All through the spring and summer
of 1915 the deportations took place. Of the larger cities, Constantinople,
Smyrna, and Aleppo were spared; practically all other places where a single
Armenian family lived now became the scenes of these unspeakable tragedies.
Scarcely a single Armenian, whatever his education or wealth, or whatever
the social class to which he belonged, was exempted from the order. In
some villages placards were posted ordering the whole Armenian population
to present itself in a public place at an appointed time-usually a day
or two ahead, and in other places the town crier would go through the streets
delivering the order vocally. In still others not the slight est warning
was given.
The
gendarmes would appear before an Armenian house and order all the inmates
to follow them. They would take women engaged in their domestic tasks without
giving them the chance to change their clothes. The police fell upon them
just as the eruption of Vesuvius fell upon Pompeii; women were taken from
the washtubs, children were snatched out of bed, the bread was left half
baked in the oven, the family meal was abandoned partly eaten, the children
were taken from the schoolroom, leaving tlieir books open at the daily
task, and the men were forced to abandon their ploughs in the fields and
their cattle on the mountain side.
Even women who had just given birth
to children would be forced to leave their beds and join the panicstricken
throng, their sleeping babies in their arms. Such things as they hurriedly
snatched up-a shawl, a blanket, perhaps a few scraps of food-were all that
they could take of their household belongings. To their frantic questions
" Where are we going? " the gendarmes would vouchsafe only one reply: "To
the interior."
In some cases the refugees were given
a few hours, in exceptional instances a few days, to dispose of their property
and household effects.
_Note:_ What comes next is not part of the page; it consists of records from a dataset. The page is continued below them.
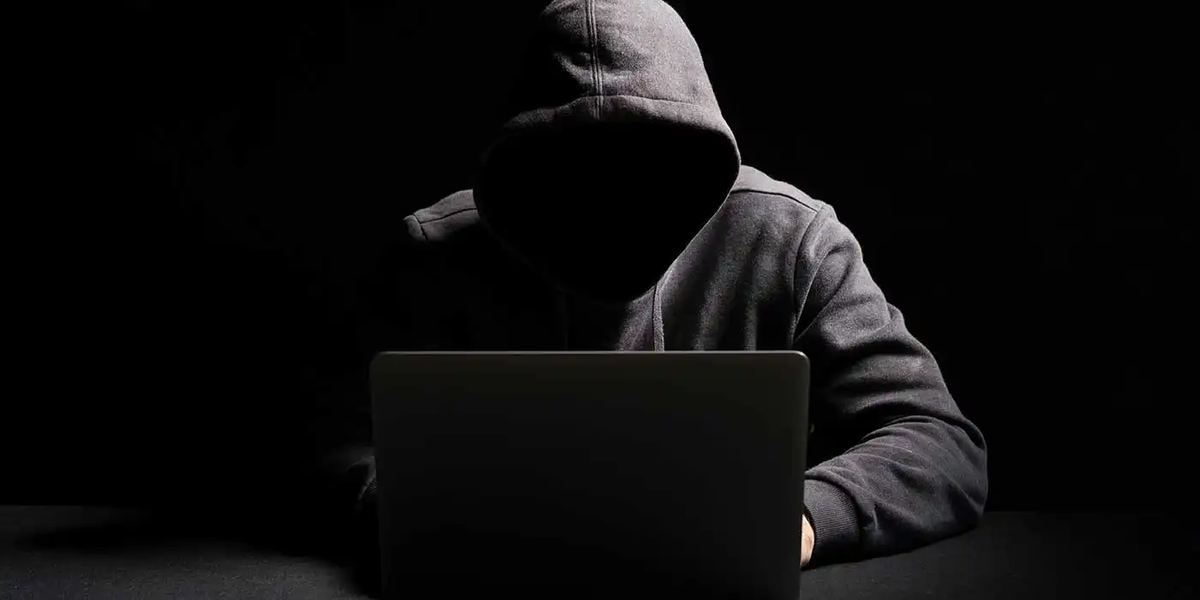 stereotypical image of a hacker working in a dark room at night not showing their face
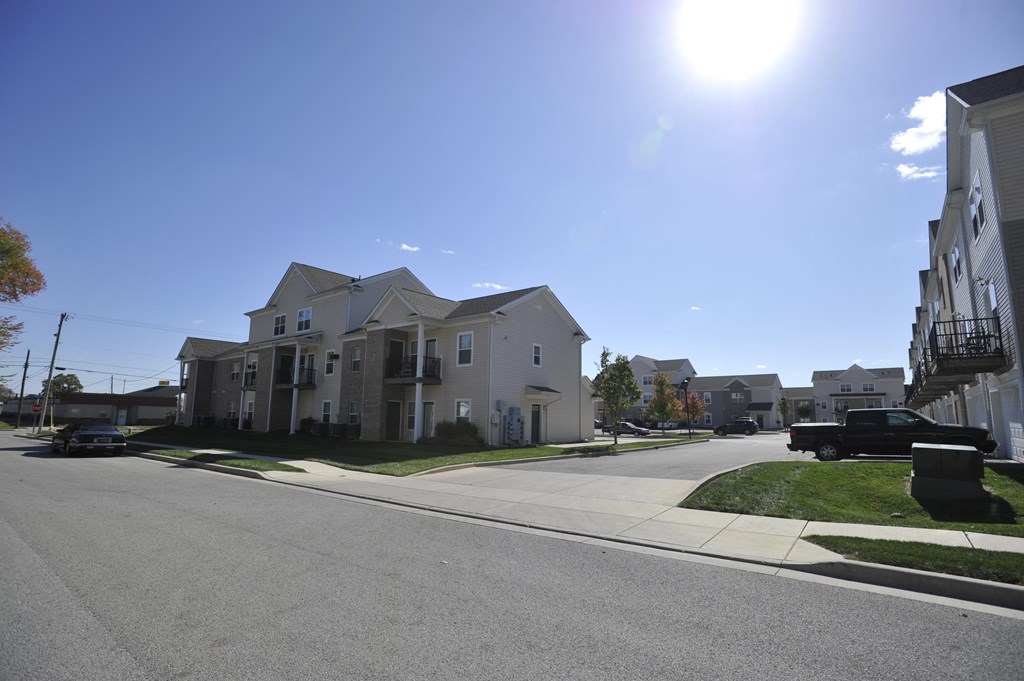 a row of houses on the side of a street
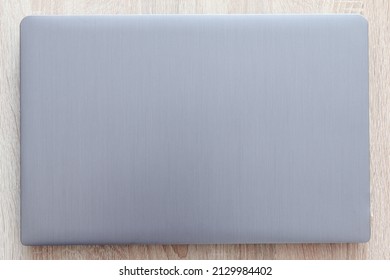 Closed Laptop Top View, Silver Color On A Wooden Table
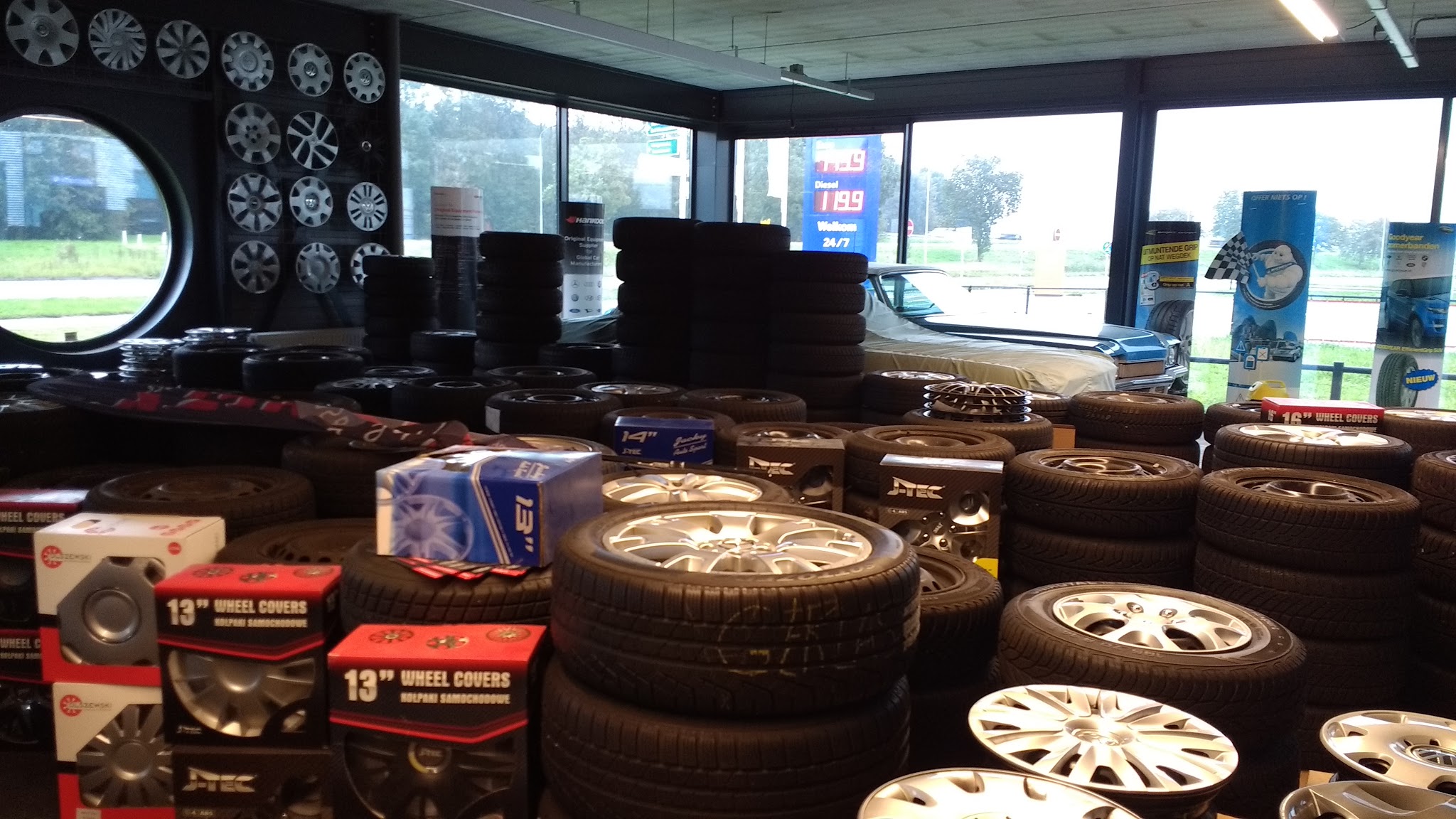 Showroom met banden en een velgenwand bij de grote ramen
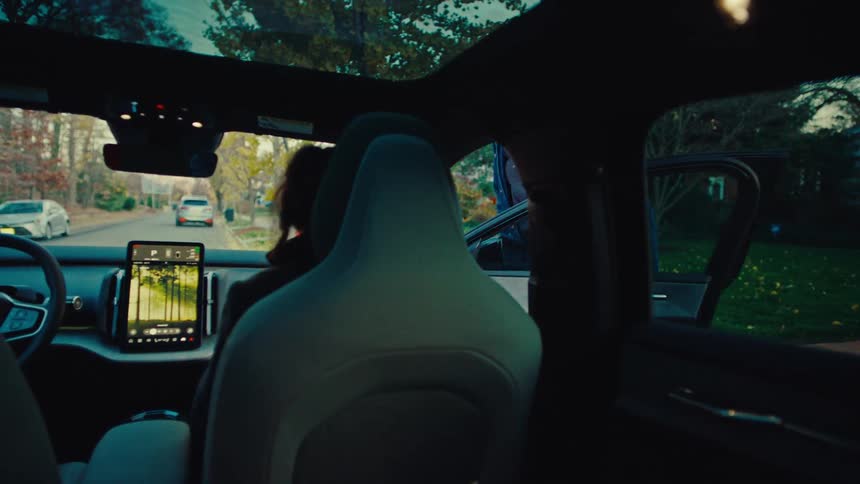 Man opens car door for woman to get in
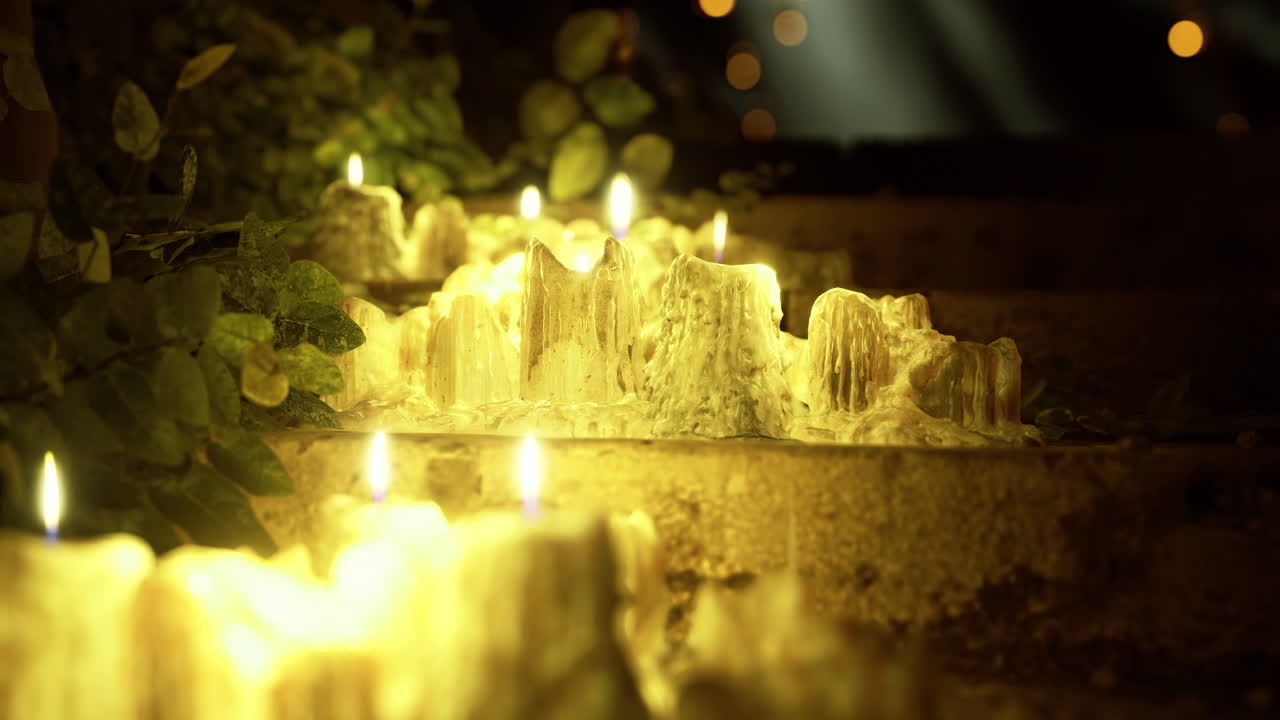 Warm glow of candles illuminating a tranquil outdoor staircase at night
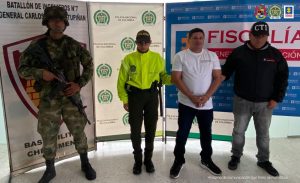 está el capturado de frente esposado manos adelante, custodiado por investigador de CTI Fiscalía, policía y soldado. Detrás banner de Fiscalía, Policía y Ejército Nacional.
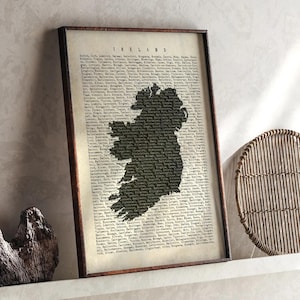 May include: Framed print of Ireland with a dark silhouette of the island. The background is filled with text, and the frame is a dark brown. The word "IRELAND" is at the top of the print.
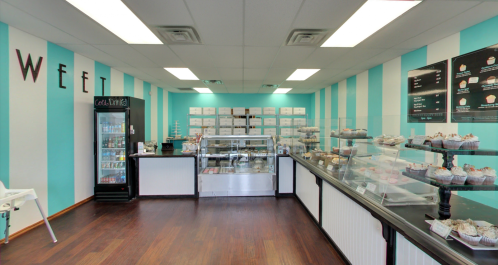 Brightly colored bakery interior with striped walls, display cases of cupcakes, and a drink fridge.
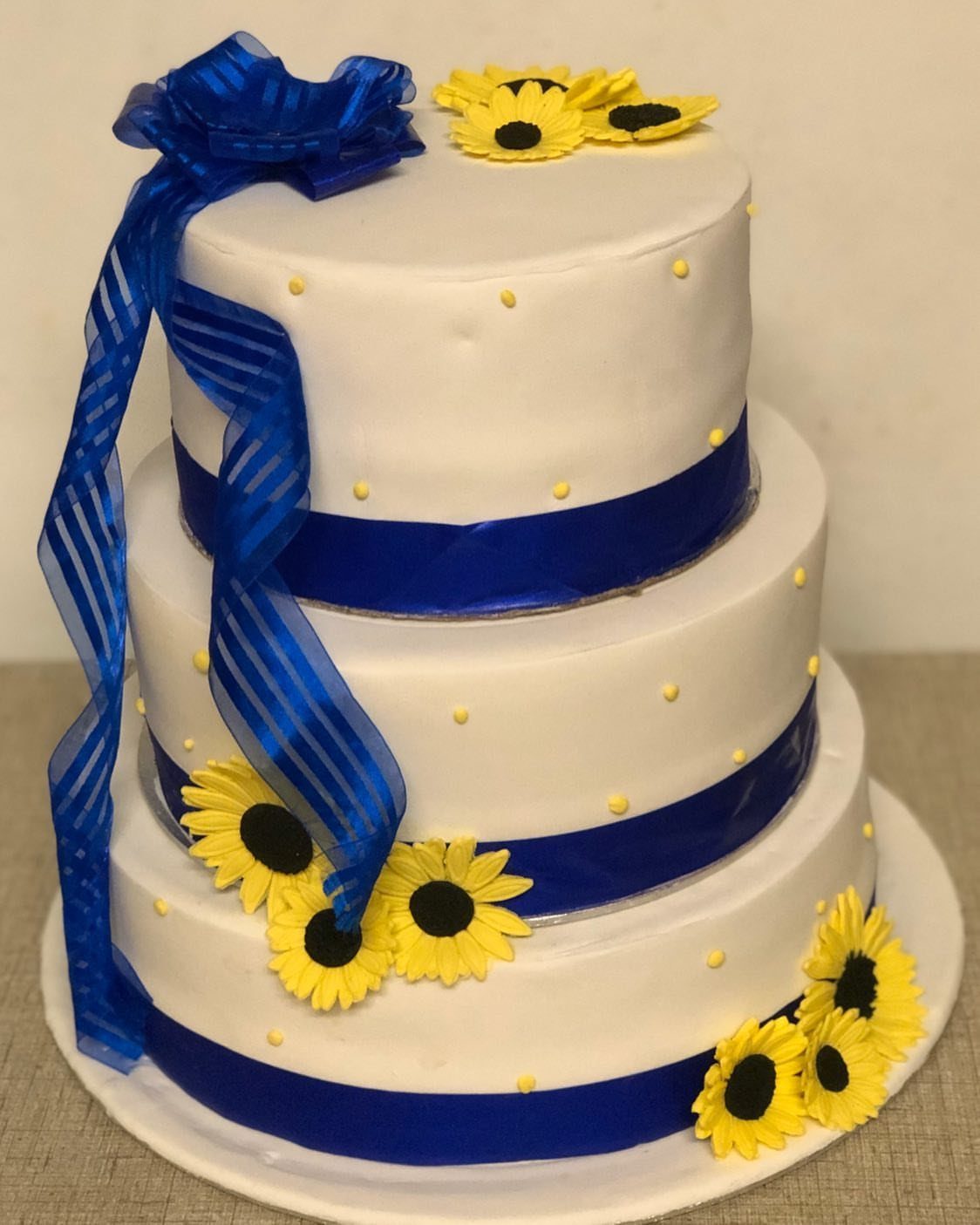 16 Navy Blue Wedding Theme Ideas for Every Part of Your Day 9 Three-tiered white wedding cake decorated with navy blue ribbons and bright yellow sunflowers.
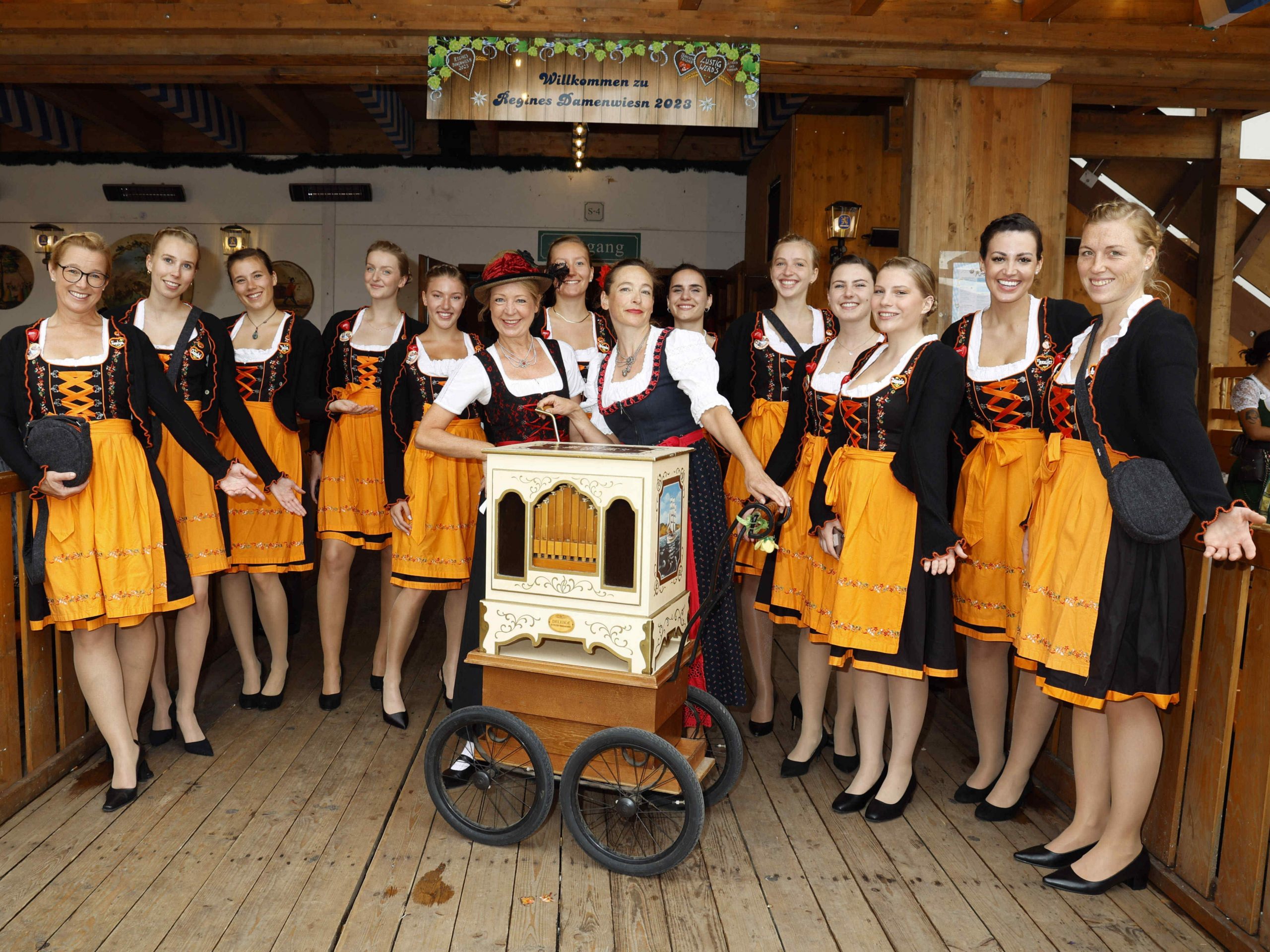 Hostessen im schwarz-weiß-orangenen Dirndl bei den SIXT Damenwiesen lächeln in die Kamera, stilvoller Promotion Einsatz von cinnamon mit eleganten Hochsteckfrisuren auf dem Oktoberfest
But the proceeding, of course, amounted simply to
robbery. They could sell only to Turks, and since both buyers and sellers
knew that they had only a day or two to market the accumulations of a lifetime,
the prices obtained represented a small fraction of their value. Armenians
were prohibited from selling or Turks from buying even at these ridiculous
prices; under pretense that the Government intended to sell their effects
to pay the creditors whom they would inevitably leave behind, their household
furniture would be placed in stores or heaped up in public places, where
it was usually pillaged by Turkish men and women.
The government officials would also
inform the Armenians that, since their deportation was only temporary,
the intention being to bring them back after the war was over, they would
not be permitted to sell their houses. Scarcely had the former possessors
left the village, when Mohammedan mohadjirs-immigrants from other parts
of Turkey-would be moved into the Armenian quarters. Similarly all their
valuablesmoney, rings, watches, and jewellery- would be taken to the police
stations for "safe keeping, " pending their return, and then parcelled
out among the Turks.
The systematic extermination of the
men continued. Before the caravans were started, it became the regular
practice to separate the young men from the families, tie them together
in groups of four, lead them to the outskirts, and shoot thern. Public
hangings without trial-the only offense being that the victims were Armenians-were
taking place constantly. The gendarmes showed a particular desire to annihilate
the educated and the influential. From American consuls and missionaries
I was constantly receiving reports of such executions, and many of the
events which they described will never fade from my memory.
At
Angora all Armenian men from fifteen to seventy were arrested, bound together
in groups of four, and sent on the road in the direction of Caesarea. When
they had travelled five or six hours and had reached a secluded valley,
a mob of Turkish peasants fell upon them with clubs, hammers, axes, scythes,
spades, and saws. Such instruments not only caused more agonizing deaths
than guns and pistols, but, as the Turks themselves boasted, they were
more economical, since they did not involve the waste of powder and shell.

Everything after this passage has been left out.